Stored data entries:

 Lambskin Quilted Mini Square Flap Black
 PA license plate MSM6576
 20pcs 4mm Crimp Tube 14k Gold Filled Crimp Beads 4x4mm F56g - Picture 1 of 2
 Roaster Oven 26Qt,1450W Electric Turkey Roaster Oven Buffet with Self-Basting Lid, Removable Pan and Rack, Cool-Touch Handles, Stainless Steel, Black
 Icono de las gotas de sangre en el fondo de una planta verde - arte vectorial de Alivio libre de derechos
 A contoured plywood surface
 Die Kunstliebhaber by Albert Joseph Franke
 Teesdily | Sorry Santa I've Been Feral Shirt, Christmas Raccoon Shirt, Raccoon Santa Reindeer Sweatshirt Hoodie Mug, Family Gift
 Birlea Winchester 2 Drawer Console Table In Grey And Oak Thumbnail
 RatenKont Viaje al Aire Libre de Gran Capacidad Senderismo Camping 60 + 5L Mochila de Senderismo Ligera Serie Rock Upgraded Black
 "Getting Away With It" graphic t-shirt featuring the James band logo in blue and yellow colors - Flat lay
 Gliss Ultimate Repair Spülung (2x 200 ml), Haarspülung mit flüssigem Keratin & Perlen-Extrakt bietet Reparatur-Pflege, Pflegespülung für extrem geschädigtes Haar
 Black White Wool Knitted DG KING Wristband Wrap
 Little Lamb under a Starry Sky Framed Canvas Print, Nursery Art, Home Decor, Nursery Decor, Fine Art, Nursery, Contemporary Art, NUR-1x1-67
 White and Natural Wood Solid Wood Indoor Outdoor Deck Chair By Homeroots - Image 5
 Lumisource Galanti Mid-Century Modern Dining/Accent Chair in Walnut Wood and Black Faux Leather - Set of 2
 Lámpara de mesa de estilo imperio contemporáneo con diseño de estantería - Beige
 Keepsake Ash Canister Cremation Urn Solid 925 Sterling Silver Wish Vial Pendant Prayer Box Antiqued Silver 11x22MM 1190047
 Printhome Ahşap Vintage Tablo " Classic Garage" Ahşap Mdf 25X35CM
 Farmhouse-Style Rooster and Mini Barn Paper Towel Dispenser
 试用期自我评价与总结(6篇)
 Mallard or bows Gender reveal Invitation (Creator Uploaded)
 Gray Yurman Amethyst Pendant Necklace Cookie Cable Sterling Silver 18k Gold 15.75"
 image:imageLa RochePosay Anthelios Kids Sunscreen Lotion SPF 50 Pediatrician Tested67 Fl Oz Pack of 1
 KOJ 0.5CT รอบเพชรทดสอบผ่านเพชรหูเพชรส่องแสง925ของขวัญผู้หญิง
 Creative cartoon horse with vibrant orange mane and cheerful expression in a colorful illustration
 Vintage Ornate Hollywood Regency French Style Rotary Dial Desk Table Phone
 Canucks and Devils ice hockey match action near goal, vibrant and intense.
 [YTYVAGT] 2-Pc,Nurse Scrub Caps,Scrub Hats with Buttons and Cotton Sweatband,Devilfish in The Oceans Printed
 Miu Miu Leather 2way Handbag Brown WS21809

Instructions to follow ::
Every line above from the line with "colors - Flat lay" to the line with "Black White Wool" is wanted, ends included; write them out exactly and add no other line.

Solution for this exercise ::
 "Getting Away With It" graphic t-shirt featuring the James band logo in blue and yellow colors - Flat lay
 Gliss Ultimate Repair Spülung (2x 200 ml), Haarspülung mit flüssigem Keratin & Perlen-Extrakt bietet Reparatur-Pflege, Pflegespülung für extrem geschädigtes Haar
 Black White Wool Knitted DG KING Wristband Wrap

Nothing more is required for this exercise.